Maceo, 85, is the grand-niece of the legendary Antonio Maceo, a black Cuban general who died in combat in 1896 during Cuba's fight for independence.
"Viva Cuba libre!" Maceo said after about two dozen people sang the Cuban national anthem Sunday. The group came together to rededicate a newly restored bust of the general that stands just feet from the statue of Marti in the park.
Maceo was "the greatest figure in Cuba's military struggle for independence against Spain," said Rolando Perez-Pedrero, past president of Circulo Cubano de Tampa and a member of the committee that restored the bust.
At 6-foot-6, Maceo was known as the "Titan of Bronze," Perez-Pedrero said. A calvary leader and expert in guerilla tactics, he led a rebel army known as the Mambis in a 750-mile campaign that began in the eastern province of Oriente and stretched to Punta Brava in the province of Havana, where he was killed.
Along with Cuban poet and patriot Jose Marti, Maceo led struggles for racial equality as well as Cuban independence.

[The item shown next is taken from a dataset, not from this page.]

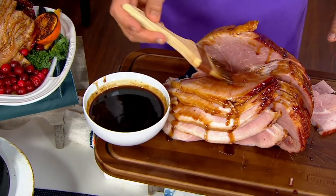Paint it on, boys and girls. Paint it on. Get out your pastry brush and make it happen.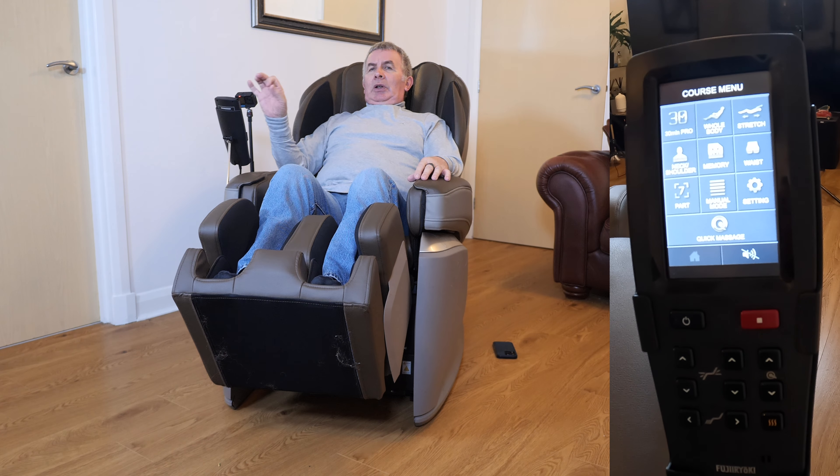As I've said before, this chair can really dig in. You can set it so it's almost unbearable — it's digging in that much. But there are some very fine controls on here.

"We believe we share a responsibility to carry on that legacy," said Aaron Smith, president of Sociedad La Union Marti-Maceo, the Ybor mutual aid society whose roots go back to 1900.
The bust of Maceo was first unveiled in 1996, but its bronze was weathered and its pedestal had been nicked. So supporters, including sculptor Steve Dickey and the Steward Mellon Co., came together for a $1,300 restoration.
Perez-Pedrero said $500 to $1,000 more is needed to give the statue a granite base.
As she introduced herself, Remember Marco said, "many people think I'm saying, 'Remember Antonio Maceo.' "
But her name actually comes from the love letters her father wrote his pregnant wife while he was on a business trip in the United States.
Each letter ended, "I remember you," said Remember Maceo, who taught Spanish at Northwestern University and the University of Chicago before retiring to Tampa. And when her father got home, his wife told him she had a name for their baby: "Remember."
Still, as she grew up, "my parents were always explaining to me, telling me … how proud the family was" of Antonio Maceo.